Mr Nowak contended that he is entitled to claim a deduction for the difference between the mileage allowance paid by Weir and the 45p/mile being HMRC’s “approved amount” and he claimed this on the relevant self-assessments under appeal.
In certain circumstances, section 338 allows an employee to claim travel expenses for journeys direct from home or lodgings to a temporary place of work, but not in the case of ordinary commuting as defined in section 338(3). The issue in this appeal is whether the travel expenses claimed by the appellant relate to ordinary commuting.
Arguments and decision
Counsel for Mr Nowak contended that Weir was clearly treating the lodging and mileage allowances it paid to the appellant as non-taxable, which must have been because they did not involve commuting or travel from home to a permanent workplace.
It was also contended that at least four other employees of Weir who were in a similar position to the appellant had been the subject of HMRC enquiries and the outcome was that their claims for travel and subsistence expenditure had been allowed. However no information was available in relation to those individuals and thus the Tribunal was unable to take this into account for the purposes of this decision.

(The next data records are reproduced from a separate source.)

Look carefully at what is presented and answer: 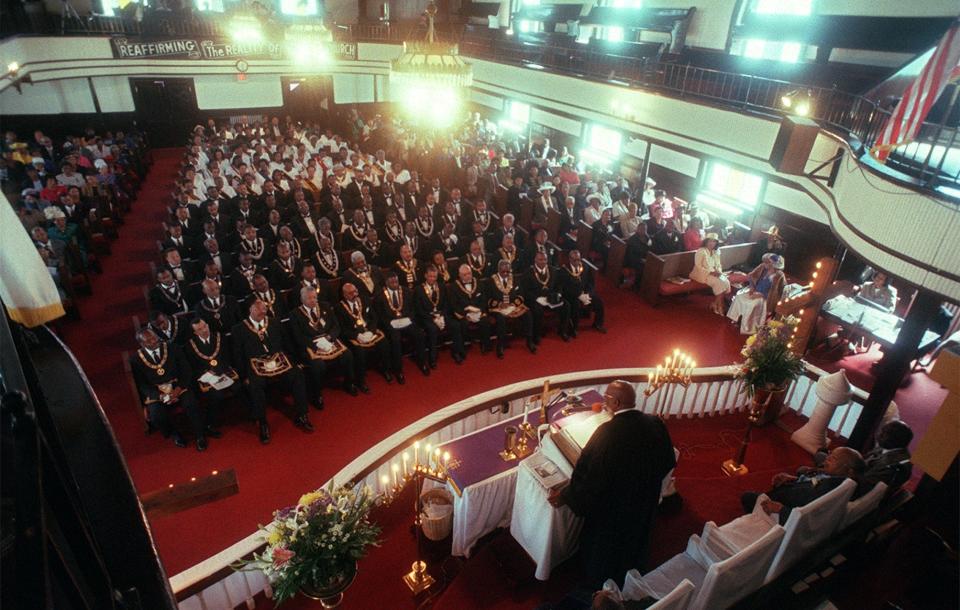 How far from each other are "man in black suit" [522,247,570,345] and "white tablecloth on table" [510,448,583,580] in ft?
12.8

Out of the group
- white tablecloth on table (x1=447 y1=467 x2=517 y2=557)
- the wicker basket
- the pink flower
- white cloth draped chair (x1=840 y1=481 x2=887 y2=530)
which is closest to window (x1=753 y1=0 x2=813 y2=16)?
white cloth draped chair (x1=840 y1=481 x2=887 y2=530)

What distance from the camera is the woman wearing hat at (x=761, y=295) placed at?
28.4 ft

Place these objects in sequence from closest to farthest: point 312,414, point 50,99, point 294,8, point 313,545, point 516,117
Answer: point 313,545
point 312,414
point 50,99
point 516,117
point 294,8

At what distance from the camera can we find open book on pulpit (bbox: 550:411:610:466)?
14.5ft

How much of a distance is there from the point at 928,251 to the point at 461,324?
527 cm

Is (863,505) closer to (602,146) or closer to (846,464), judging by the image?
(846,464)

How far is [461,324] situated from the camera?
7.86 meters

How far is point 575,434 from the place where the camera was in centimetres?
457

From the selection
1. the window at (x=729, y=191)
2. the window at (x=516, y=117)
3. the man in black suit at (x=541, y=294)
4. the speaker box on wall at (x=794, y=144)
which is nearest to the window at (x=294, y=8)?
the window at (x=516, y=117)

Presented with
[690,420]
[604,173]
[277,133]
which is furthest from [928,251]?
[277,133]

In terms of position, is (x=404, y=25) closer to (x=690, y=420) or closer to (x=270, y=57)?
(x=270, y=57)

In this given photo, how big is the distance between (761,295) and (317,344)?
22.3ft

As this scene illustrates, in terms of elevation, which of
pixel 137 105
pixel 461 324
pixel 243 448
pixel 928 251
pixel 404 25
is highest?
pixel 404 25

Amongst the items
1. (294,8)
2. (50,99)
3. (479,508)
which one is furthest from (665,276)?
(294,8) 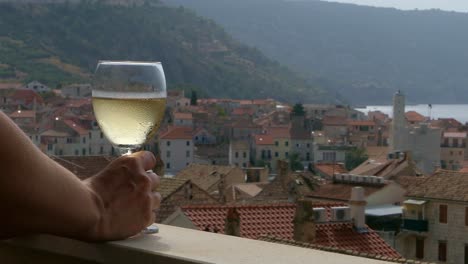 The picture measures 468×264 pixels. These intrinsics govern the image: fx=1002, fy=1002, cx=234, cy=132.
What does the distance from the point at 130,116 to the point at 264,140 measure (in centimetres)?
6878

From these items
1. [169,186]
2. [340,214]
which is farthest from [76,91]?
[340,214]

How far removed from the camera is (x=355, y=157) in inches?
2427

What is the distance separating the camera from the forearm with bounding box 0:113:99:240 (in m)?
1.61

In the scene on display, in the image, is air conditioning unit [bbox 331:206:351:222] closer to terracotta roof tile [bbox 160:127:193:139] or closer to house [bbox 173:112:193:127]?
Answer: terracotta roof tile [bbox 160:127:193:139]

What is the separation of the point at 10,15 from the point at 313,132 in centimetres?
5582

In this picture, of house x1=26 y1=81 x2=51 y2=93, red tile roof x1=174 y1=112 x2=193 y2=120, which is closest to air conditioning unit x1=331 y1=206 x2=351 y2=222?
red tile roof x1=174 y1=112 x2=193 y2=120

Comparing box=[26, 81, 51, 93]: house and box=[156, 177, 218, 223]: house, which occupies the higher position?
box=[26, 81, 51, 93]: house

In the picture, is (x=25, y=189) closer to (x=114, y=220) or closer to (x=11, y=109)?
(x=114, y=220)

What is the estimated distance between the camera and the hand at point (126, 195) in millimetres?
1851

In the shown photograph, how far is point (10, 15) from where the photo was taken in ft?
396

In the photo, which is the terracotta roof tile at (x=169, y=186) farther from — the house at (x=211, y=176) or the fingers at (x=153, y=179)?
the fingers at (x=153, y=179)

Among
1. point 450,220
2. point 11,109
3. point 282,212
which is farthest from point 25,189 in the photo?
point 11,109

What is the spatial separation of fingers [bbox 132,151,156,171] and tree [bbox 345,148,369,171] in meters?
57.3

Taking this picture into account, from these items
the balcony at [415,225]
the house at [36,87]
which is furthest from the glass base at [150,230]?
the house at [36,87] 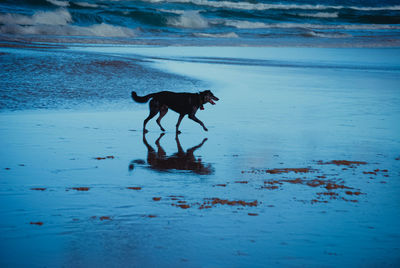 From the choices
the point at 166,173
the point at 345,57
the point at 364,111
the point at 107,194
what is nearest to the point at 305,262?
the point at 107,194

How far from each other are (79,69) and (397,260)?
43.9 ft

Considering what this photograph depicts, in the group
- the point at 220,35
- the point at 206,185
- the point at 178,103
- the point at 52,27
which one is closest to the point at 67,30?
the point at 52,27

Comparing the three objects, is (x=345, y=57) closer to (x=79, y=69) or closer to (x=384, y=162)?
(x=79, y=69)

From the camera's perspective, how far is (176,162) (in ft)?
22.9

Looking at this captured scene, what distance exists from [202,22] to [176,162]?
3943 centimetres

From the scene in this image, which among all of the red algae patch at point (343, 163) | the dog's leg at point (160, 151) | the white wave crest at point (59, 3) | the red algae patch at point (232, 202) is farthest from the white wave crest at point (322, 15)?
the red algae patch at point (232, 202)

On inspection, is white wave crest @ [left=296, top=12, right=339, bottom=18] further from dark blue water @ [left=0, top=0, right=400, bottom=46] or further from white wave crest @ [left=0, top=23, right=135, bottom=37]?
white wave crest @ [left=0, top=23, right=135, bottom=37]

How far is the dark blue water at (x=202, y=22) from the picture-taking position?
32562 mm

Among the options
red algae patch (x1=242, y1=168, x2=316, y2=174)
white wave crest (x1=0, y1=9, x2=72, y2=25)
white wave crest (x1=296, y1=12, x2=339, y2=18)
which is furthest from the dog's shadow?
white wave crest (x1=296, y1=12, x2=339, y2=18)

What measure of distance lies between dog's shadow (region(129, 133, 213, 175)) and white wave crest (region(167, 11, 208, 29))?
1465 inches

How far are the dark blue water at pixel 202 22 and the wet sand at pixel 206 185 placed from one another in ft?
60.7

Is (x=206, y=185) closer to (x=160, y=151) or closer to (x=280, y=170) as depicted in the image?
(x=280, y=170)

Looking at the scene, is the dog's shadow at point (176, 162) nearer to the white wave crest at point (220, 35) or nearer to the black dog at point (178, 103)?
the black dog at point (178, 103)

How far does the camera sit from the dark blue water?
1282 inches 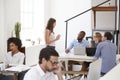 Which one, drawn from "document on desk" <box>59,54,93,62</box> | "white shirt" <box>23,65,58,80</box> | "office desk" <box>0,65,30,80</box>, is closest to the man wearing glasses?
"white shirt" <box>23,65,58,80</box>

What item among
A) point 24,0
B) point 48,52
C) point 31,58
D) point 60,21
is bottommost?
point 31,58

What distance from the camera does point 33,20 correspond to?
907 centimetres

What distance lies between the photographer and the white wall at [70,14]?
346 inches

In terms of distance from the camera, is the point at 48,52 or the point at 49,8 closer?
the point at 48,52

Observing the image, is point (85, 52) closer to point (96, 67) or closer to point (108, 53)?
point (108, 53)

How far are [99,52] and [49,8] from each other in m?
4.51

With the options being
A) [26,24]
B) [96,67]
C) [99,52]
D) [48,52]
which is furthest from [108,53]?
[26,24]

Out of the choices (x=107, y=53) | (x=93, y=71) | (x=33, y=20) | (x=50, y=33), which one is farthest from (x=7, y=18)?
(x=93, y=71)

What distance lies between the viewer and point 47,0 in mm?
9125

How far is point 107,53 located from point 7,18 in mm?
3094

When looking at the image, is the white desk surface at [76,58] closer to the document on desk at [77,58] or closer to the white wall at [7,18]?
the document on desk at [77,58]

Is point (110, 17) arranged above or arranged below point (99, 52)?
above

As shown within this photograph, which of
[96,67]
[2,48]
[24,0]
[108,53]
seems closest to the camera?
[96,67]

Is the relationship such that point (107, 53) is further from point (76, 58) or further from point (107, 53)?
point (76, 58) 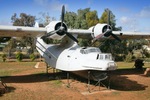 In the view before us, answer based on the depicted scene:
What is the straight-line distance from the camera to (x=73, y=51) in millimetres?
16547

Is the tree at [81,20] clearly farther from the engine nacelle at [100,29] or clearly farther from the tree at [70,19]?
the engine nacelle at [100,29]

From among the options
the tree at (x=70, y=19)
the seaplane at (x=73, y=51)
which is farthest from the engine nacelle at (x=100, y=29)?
the tree at (x=70, y=19)

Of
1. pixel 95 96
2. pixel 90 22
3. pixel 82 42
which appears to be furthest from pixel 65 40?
pixel 90 22

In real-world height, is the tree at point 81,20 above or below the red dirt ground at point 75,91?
above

The appellant’s main case was that the sites should not be treated as permanent workplaces. Further, even if they were permanent workplaces, there were occasions where, during a contract, the appellant was required to work at different sites.

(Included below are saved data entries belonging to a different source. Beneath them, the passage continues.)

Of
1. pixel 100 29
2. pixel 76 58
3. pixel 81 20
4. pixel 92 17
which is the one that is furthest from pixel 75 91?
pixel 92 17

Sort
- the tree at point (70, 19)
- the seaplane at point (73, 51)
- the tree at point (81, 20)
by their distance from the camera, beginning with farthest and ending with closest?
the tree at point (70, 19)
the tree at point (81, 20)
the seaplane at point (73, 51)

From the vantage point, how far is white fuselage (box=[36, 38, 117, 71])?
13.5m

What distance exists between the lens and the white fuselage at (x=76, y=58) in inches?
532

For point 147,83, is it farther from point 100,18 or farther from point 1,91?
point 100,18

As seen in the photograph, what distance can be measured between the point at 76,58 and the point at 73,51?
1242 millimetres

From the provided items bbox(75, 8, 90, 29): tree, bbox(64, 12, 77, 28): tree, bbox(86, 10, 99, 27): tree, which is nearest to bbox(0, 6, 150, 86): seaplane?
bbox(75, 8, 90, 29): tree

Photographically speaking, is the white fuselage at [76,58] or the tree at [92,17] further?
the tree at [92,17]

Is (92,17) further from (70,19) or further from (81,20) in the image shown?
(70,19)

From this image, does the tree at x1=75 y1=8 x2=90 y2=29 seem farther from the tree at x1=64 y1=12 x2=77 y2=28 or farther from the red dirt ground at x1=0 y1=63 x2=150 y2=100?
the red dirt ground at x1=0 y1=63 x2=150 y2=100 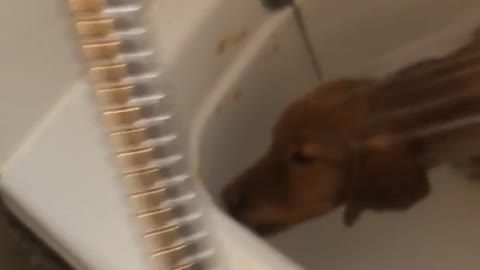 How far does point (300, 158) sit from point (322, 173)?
0.10 feet

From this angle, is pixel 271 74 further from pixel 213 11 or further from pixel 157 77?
pixel 157 77

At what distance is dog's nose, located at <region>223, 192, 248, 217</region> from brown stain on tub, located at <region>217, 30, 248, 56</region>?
6.5 inches

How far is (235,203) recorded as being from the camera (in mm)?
963

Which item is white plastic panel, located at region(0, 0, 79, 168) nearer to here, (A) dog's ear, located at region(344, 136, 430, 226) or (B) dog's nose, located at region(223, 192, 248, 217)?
(B) dog's nose, located at region(223, 192, 248, 217)

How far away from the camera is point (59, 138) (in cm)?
87

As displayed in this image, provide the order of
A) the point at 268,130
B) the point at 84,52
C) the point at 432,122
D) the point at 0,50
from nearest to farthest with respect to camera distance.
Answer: the point at 84,52 < the point at 0,50 < the point at 432,122 < the point at 268,130

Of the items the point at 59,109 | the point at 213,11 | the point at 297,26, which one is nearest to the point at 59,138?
the point at 59,109

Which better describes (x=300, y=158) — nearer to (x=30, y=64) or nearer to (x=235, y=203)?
(x=235, y=203)

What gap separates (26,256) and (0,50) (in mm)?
337

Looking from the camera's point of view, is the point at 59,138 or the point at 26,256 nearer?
the point at 59,138

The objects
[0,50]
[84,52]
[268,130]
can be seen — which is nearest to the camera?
[84,52]

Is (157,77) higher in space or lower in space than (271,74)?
higher

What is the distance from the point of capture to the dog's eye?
38.7 inches

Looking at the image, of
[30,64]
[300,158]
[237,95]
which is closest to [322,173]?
[300,158] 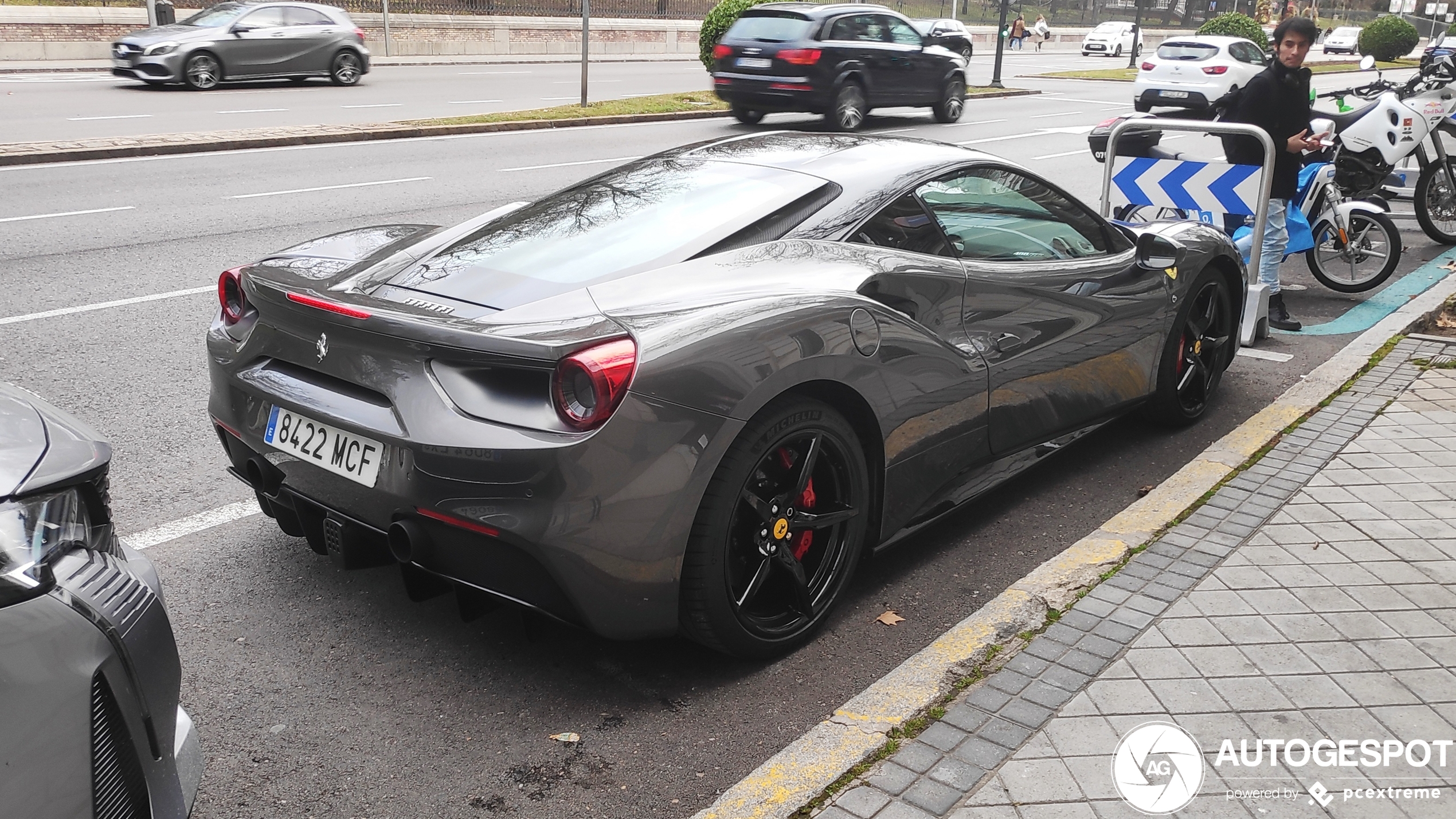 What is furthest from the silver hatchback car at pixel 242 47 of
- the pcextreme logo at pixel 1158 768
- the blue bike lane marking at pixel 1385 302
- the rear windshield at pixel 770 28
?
the pcextreme logo at pixel 1158 768

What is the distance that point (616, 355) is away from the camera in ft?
9.62

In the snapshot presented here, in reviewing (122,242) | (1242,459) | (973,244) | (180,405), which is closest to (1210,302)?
(1242,459)

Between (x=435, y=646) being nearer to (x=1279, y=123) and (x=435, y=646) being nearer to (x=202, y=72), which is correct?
(x=1279, y=123)

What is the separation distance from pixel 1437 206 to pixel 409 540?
1046 cm

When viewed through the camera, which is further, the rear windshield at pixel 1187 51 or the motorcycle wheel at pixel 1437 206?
the rear windshield at pixel 1187 51

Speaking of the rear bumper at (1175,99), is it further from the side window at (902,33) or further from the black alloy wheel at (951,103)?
the side window at (902,33)

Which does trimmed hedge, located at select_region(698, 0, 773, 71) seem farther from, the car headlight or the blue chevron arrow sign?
the car headlight

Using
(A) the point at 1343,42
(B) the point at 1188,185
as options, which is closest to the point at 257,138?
(B) the point at 1188,185

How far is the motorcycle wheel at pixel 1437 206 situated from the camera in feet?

Counsel for HMRC contended that the treatment of payments made by Weir was irrelevant and that Mr Nowak is not entitled, as a matter of principle, to claim relief for expenditure on lodgings and travel expenses between home and site over and above what was paid by his employer.
HMRC’s main argument was that Mr Nowak’s travel expenses were expenses of ordinary commuting. In particular, they contended that the appellant worked at each site pursuant to separate contracts of employment. As such, each site was a permanent workplace within section 339 ITEPA 2003 at the time the appellant was working there and his travel from home or lodgings to that site was therefore ordinary commuting and no relief was available.
Even if that was not correct, the appellant failed to provide sufficient evidence to satisfy HMRC what expenditure has been incurred. No receipts have been provided and no contemporary records of mileage have been provided.
The Tribunal held that the way in which Weir treated payments for lodging and travel expenses as tax free did give pause for thought and suggested that Weir did not regard Mr Nowak as working at permanent workplaces. However the Tribunal found that direct evidence, to which more weight should be given, indicated that these were permanent workplaces.
The only evidence to suggest that each site was a temporary workplace is the fact that Weir paid lodging allowances and mileage allowances without deduction of tax. That was not sufficient on its own to satisfy the Tribunal that the sites were temporary workplaces. The Tribunal held that the evidence provided during the course of the hearing supported that the appellant was employed by Weir pursuant to a series of separate contracts of employment.
Each contract of employment required the appellant to work at a particular power station which, for the purposes of each employment, was a permanent workplace. In relation to each employment, the site was a place the appellant regularly attended in the performance of his duties for that employment. It was the base from which his duties were performed and the tasks to be carried out by the appellant were allocated there. As such, the appellant’s travel to and from each site was ordinary commuting within section 338 and the appellant is not entitled to a deduction for the travel expenses he claimed.
The appellant’s appeal was therefore dismissed in full.